Your family member may have been affiliated with a union. Union Assist is a service that is operated by the Victorian Trades Hall Council. Union Assist provides a free and independent service that offers support, guidance and advice.

To find your family member's union or find out more information about support available to you, please contact Union Assist on (03) 9639 6144.

Legal advice

Before lodging your claim form, you may want to consider legal advice and or representation particularly if there are complex medical issues surrounding the death of your family member or if there are any disputes about eligibility.

Payments to a child, person with a disability or a non-dependant person will have their entitlement decided by a Magistrate Court so you will need legal representation for these matters.

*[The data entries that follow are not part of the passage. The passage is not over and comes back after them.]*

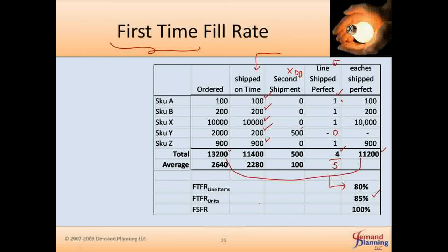On the other hand, a weaker metric — which I have seen some clients use, erroneously and self-servingly — says: as long as I deliver at least one unit in the first shipment that meets the customer's requested delivery date, I think of all those lines as fulfilled. Then your customer service metric is 100%. Obviously, they miserably failed on SKU Y, but since they shipped something in partial fulfillment, they count it as better than shipping nothing.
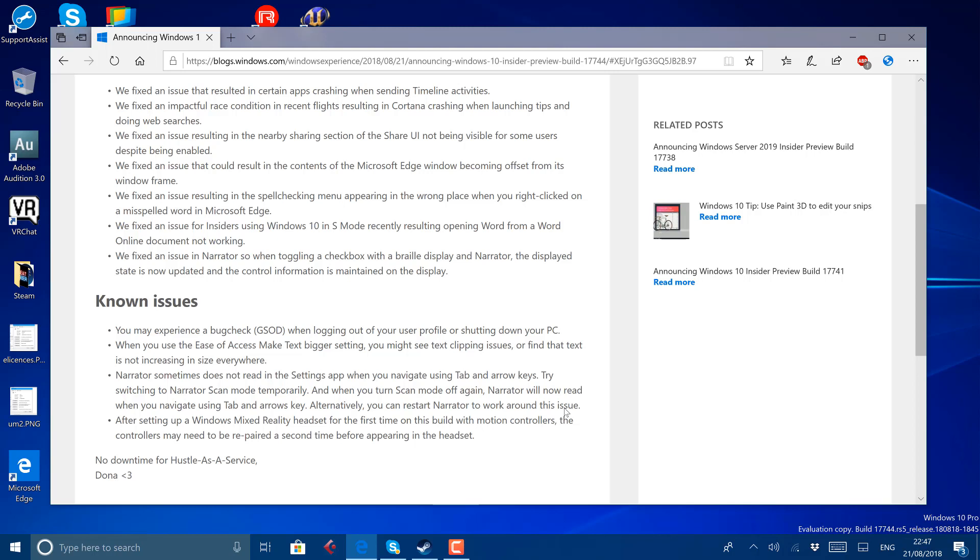The narrator one and the accessibility ones need fixing as well, but not as critical. So these four issues need fixing before this could go out. I suspect we'll have another build this week towards the end of the week.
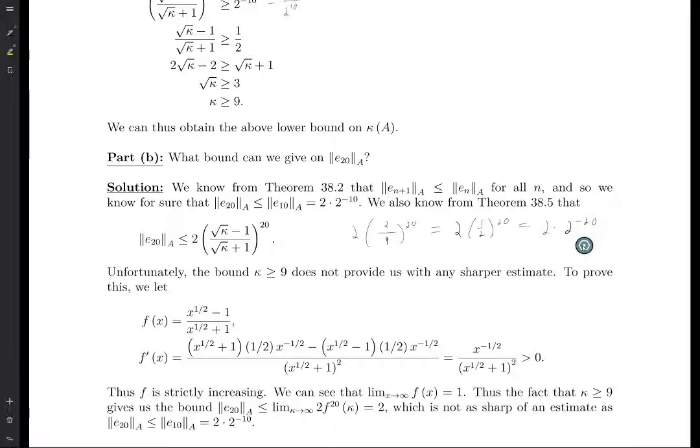So the only bound we can give for sure is that the A-norm of E20 is less than or equal to 2 times 2 to the minus 10. If kappa happens to be precisely equal to 9, then we get the sharper bound of 2 times 2 to the minus 20, but that isn't guaranteed. The question asks for the best bound we can give, not a proof of the sharpest possible upper bound, and we don't see any improvements without more information. So we're done.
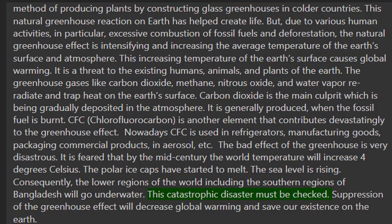This catastrophic disaster must be checked. Suppression of the greenhouse effect will decrease global warming and save our existence on the Earth.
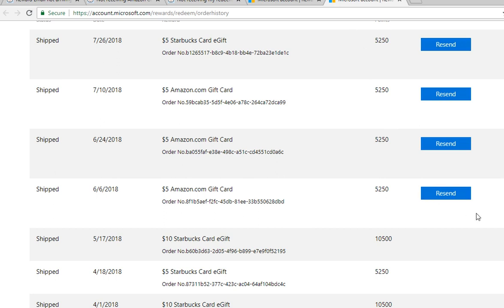So good luck. Hopefully you get your gift cards.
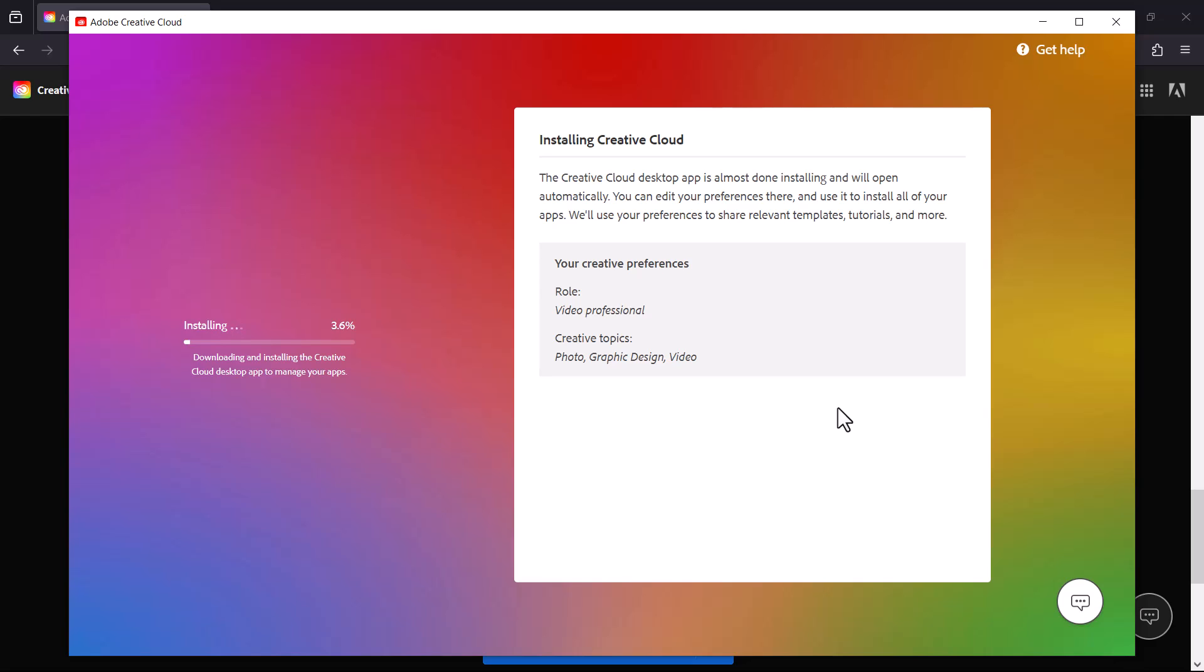Give it a moment, it actually takes some time so just give it some time. I'm just going to speed this up some more.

If you do not have a solicitor, you may wish to phone the Law Institute of Victoria's legal referral service for advice on (03) 9607 9550.

Financial advice

You may wish to contact your bank, accountant, financial planner or the Australian Taxation Office on 132 865 for financial or taxation advice.


You may be able to claim Centrelink payments while waiting for WorkSafe entitlements to be determined. Call the Family Assistance office on 136 150.